Whitetail Deer Use of Agricultural Crops


Supplemental food is one of the easiest way to ensure that a deer population reaches it’s genetic potential. It also makes for great whitetail hunting because healthy animals mean high fawn crops and big bodied and antlered bucks. Now let’s look at what for many managers is the most effective way to significantly elevate deer nutrition: an intensive year-round agricultural program directed toward the herd.

Let’s assume that 75 percent of a whitetail’s daily food consumption consists of prime agricultural crops, the other 25 percent of native browse. Such heavy utilization of food plots isn’t theoretical; at North American Whitetail’s Fort Perry Plantation in Georgia, agricultural crops make up 80 percent of the herd’s annual diet. And under management, the deer density increased to more than five times that of natural carrying capacity – even as the health of the natural habitat steadily improved. In the West, whitetails in river-bottom habitat with irrigated alfalfa are almost fully dependent on that crop when it’s available. The same trend is true in the Midwest and Central Canada.)

Here’s the key to why whitetails do so well when provided with the right food plots: They view prime agricultural crops as browse, not as supplement. Depending on the quality of native browse and that of the crops, they will utilize the plantings almost exclusively, just as they would any other highly nutritious, highly digestible “ice cream” plant. To whitetails, items such as cowpeas, clovers, alfalfa, lablab, etc., are simply super forbs available in super abundance.

Let’s assume an average (warm-season) agricultural protein level of 25 percent protein. (Cool-season crops, such as cereal grains, don’t have — or need — that level of protein, but we’re speaking in relative terms. And some food-plot plants average in excess of 25 percent protein, particularly in the growing tips deer favor.)

At 75 percent agricultural consumption of 25 percent protein and 25 percent natural browse consumption at 11 percent protein, the herd’s average protein intake is 21.5 percent. And even at 20 percent average protein for agricultural crops, at this level of utilization the average protein level still is 17.75 percent. (The impact on deer numbers and quality at these relative levels is obvious and dramatic.)
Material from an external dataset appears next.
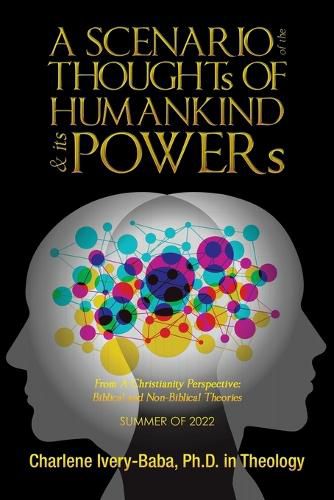 Cover image for A SCENARIO of the THOUGHTs OF HUMANKIND & its POWERs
With 75 percent agricultural consumption, logic dictates a corresponding reduction in browsing pressure on native habitat, allowing herd density to increase from a deer per 25.6 acres on native browse to a deer per 6.4 acres on agriculture — without increasing pressure on the natural habitat.
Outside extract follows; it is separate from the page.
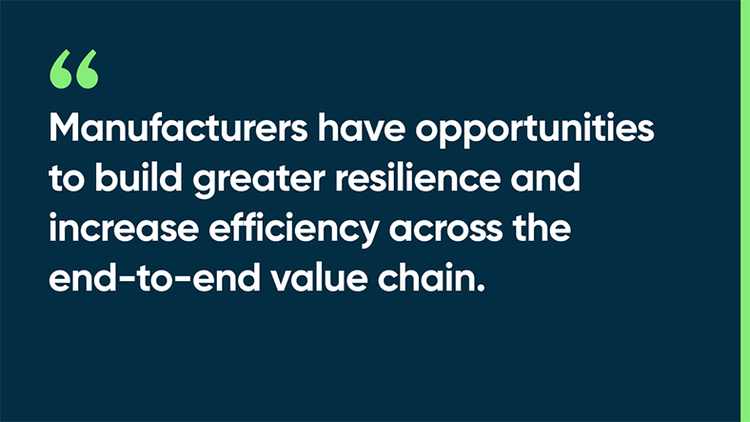 Manufacturers have opportunities to build greater resilience and increase efficiency across the end-to-end value chain.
Looking at the above numbers, it’s easy to see that deer size and numbers can be significantly increased through the proper use of agricultural plantings. In fact, under intensive agricultural programs, it’s possible to carry two, three or even more times as many deer as natural habitat alone can support, and for those deer to be bigger than they would be if feeding on native habitat alone.

The key to achieving these agricultural gains is intensive farming that consistently produces the necessary crops. Of course, that isn’t something every whitetail manager is willing to do or capable of doing. It’s a big commitment in every sense, but it’s possible.
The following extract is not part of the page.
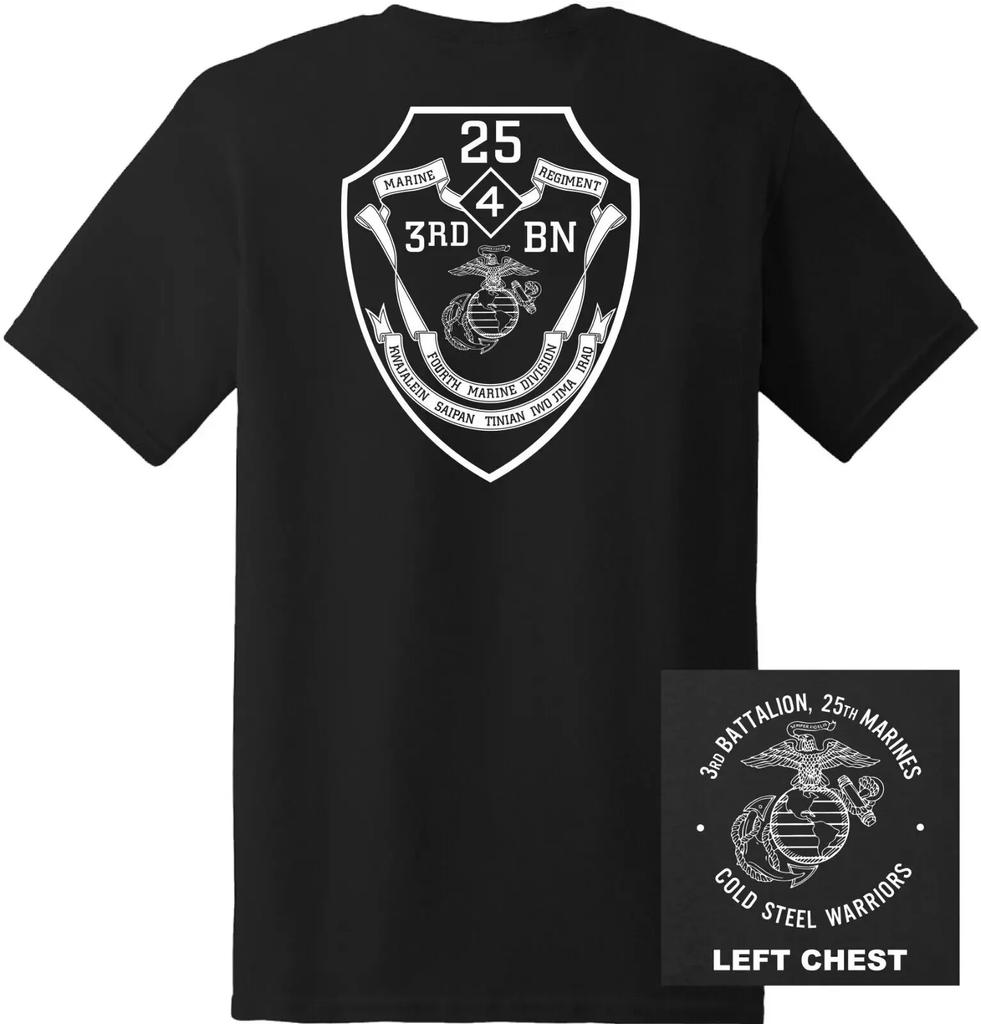 US Marine Corps 3rd Battalion 25th Marines RegiUnisext TShirt 100 Cotton ONeck Short Sleeve Summer Casual Unisexs Tshirt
Huge gains through agriculture are more than theory. They’re now being enjoyed by deer managers in many parts of North America — without damaging the habitat. And the beauty is that as a manager you can choose your level of management intensity based on personal goals and resources. For most of us, some combination of natural habitat management, supplemental feeding and agriculture is a logical and feasible way to go.

The quality of natural habitat can be preserved with a sound food-plot strategy, even in the face of significantly higher deer numbers than once thought possible. As a result, fair chase (which can be compromised by the degradation of habitat and the resultant “taming” of deer in over-browsed habitat) can be protected if managers work to protect the environment. And protecting the habitat and ensuring fair chase are essential if we’re to be seen as stewards of the resource by the hunting and non-hunting public.

If you want more and bigger deer on your hunting land this year and beyond, these numbers should convince you that the right food plots are well worth planting. Yes, you need high-quality native habitat, and in many cases, supplemental feeding of deer will prove to be quite effective at improving whitetail hunting as well. But as we’ve noted throughout this long-running series on private-land management, it’s hard to beat the gains that come from mixing year-round food plots with the right harvest strategy.